Highly conductive and nonflammable boron-based gel type single ion conducting electrolyte membranes toward high-safety and dendrite-free lithium metal batteries

Abstract

Single-ion conducting polymer electrolytes (SIPEs), having a high Li-ion transference number (tLi+) close to unity, hold great promise for circumventing the lithium dendrite growth of lithium metal batteries (LMBs). However, SIPEs synthesized by a simple method that also simultaneously fulfill the requirements of high ionic conductivity, good thermal stability, and remarkable fire resistance are still quite rare. Herein, a novel single-ion conducting fibrous membrane (es-DDBSB-Li) based on borate anions of single-ion conductors (denoted as DDBSB-Li) and poly(vinylidene fluoride-hexafluoropropylene) P(VDF-HFP) as a binder was prepared via facile electrospinning technology.
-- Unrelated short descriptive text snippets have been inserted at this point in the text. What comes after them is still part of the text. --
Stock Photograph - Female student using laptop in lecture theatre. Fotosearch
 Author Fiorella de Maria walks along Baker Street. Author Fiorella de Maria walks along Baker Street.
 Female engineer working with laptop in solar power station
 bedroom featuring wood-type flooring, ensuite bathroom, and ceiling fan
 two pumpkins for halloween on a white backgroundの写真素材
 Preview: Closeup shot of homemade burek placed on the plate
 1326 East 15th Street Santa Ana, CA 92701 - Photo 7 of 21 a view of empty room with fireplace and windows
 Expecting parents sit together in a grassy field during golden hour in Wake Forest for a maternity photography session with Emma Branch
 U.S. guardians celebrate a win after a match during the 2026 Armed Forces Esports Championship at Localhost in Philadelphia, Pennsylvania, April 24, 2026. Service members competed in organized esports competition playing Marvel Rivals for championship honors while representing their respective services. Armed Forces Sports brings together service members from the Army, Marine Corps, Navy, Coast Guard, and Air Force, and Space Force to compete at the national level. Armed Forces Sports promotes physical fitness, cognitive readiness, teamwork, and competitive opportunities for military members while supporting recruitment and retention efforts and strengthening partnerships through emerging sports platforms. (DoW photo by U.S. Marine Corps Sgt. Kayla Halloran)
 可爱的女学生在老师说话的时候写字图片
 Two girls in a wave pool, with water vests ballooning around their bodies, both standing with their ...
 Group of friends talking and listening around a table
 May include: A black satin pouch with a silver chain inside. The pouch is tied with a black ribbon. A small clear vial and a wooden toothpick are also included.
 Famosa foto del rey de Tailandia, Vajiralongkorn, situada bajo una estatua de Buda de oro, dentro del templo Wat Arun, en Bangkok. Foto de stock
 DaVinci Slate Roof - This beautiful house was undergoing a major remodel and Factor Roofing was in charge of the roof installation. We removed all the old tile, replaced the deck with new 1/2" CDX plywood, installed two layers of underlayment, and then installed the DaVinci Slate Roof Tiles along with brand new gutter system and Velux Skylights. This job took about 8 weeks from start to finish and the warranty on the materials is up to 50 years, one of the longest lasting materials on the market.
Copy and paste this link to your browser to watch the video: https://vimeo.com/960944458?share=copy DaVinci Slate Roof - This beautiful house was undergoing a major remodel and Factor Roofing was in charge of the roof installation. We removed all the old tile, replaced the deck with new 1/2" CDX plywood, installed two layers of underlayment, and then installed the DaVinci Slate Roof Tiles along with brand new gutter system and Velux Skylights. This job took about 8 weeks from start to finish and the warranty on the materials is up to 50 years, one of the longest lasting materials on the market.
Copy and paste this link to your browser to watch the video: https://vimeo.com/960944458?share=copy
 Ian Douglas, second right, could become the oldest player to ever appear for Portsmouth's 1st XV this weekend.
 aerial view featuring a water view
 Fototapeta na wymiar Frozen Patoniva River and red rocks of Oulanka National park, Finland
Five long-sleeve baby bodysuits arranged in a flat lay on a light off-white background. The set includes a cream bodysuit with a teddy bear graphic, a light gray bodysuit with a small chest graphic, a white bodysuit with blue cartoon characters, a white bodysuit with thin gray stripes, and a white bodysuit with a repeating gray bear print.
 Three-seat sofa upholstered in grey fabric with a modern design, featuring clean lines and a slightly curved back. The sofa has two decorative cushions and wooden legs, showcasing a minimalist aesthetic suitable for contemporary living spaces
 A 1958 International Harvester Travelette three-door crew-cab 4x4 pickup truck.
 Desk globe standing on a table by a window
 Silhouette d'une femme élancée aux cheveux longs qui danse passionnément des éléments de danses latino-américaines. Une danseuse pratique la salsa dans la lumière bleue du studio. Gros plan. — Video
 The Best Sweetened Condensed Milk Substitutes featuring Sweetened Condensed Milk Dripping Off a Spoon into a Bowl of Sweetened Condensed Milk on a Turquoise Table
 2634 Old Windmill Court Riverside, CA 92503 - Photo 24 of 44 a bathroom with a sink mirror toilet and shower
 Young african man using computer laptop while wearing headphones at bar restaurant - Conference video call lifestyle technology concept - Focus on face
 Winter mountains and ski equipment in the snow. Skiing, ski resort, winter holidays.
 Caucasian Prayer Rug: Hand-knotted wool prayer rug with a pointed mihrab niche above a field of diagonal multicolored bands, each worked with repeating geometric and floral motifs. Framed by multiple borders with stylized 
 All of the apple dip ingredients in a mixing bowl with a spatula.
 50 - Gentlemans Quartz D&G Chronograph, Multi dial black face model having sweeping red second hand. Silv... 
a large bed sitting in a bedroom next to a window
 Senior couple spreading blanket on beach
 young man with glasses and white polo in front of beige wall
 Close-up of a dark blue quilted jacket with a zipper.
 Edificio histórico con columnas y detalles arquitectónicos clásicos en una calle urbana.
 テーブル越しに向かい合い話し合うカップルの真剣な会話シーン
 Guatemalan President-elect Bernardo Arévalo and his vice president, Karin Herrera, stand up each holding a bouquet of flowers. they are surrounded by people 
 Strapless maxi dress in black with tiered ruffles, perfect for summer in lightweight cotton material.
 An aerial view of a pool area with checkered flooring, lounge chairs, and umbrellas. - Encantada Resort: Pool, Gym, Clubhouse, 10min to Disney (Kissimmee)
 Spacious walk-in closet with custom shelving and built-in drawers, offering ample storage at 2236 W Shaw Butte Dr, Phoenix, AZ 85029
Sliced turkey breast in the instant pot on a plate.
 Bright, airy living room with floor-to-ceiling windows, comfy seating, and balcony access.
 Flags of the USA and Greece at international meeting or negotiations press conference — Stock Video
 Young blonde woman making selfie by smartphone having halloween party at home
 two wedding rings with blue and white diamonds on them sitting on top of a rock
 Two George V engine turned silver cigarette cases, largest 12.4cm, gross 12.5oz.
The introduction of borate anions promotes the homogeneous distribution of highly concentrated Li-ions and accelerates the ionic migration, leading to an enhanced ionic conductivity of 3.75 × 10−4 S cm−1 at 25 °C for DDBSB-Li saturated with organic solvents. Additionally, the thermally stable and nonflammable DDBSB-Li endows the resultant fibrous membranes to possess good high-temperature stability and fire-resistance properties. The Li||Li cell using this electrolyte displays a high tLi+ of 0.91 and effectively mitigates concentration polarization, thereby enabling a remarkably stable cyclic performance over 2000 h at 2.5 mA cm−2 at 25 °C. Also, this gel SIPE-based Li||LiFePO4 battery demonstrates superior rate performances up to 3C and delivers long-term cycling durability over 600 cycles under 1C at 25 °C. We believe this novel gel SIPE-based fibrous membrane has great potential for practical application in high-safety and dendrite-proof LMBs.